(PROBLEM DESCRIPTION)
Leave out the pictures and output the data verbatim.

----- DATA EXTRACT -----

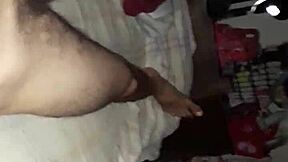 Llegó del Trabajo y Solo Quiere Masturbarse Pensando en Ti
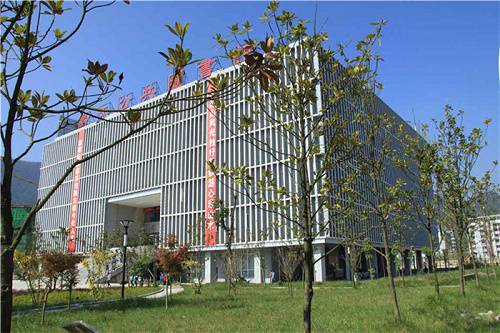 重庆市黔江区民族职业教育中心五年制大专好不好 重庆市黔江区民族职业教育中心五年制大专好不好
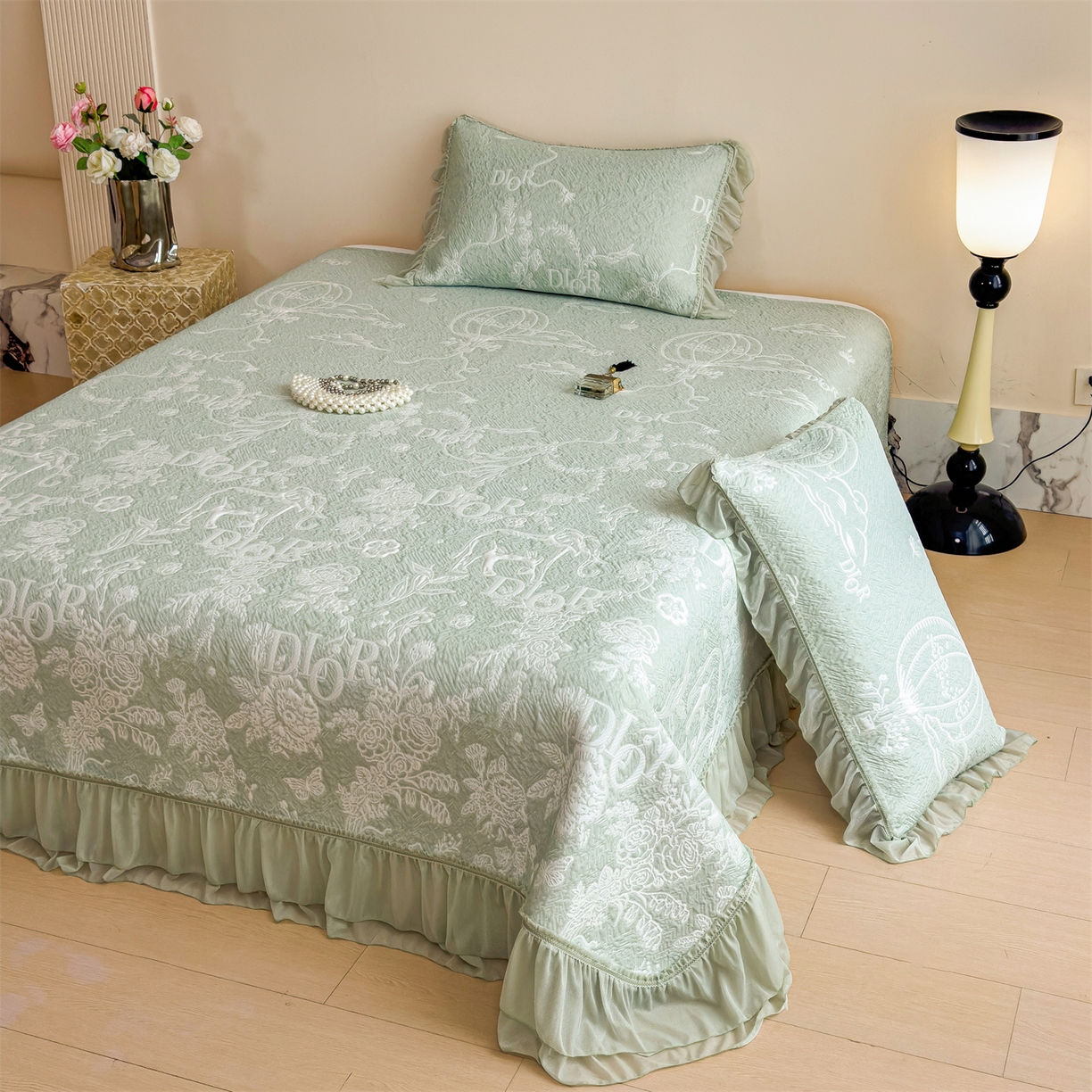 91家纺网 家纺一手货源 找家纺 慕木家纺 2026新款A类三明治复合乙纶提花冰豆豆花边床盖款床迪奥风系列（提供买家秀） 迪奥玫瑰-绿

-----

(SOLUTION TO THE EXERCISE)
 Llegó del Trabajo y Solo Quiere Masturbarse Pensando en Ti
 重庆市黔江区民族职业教育中心五年制大专好不好 重庆市黔江区民族职业教育中心五年制大专好不好
 91家纺网 家纺一手货源 找家纺 慕木家纺 2026新款A类三明治复合乙纶提花冰豆豆花边床盖款床迪奥风系列（提供买家秀） 迪奥玫瑰-绿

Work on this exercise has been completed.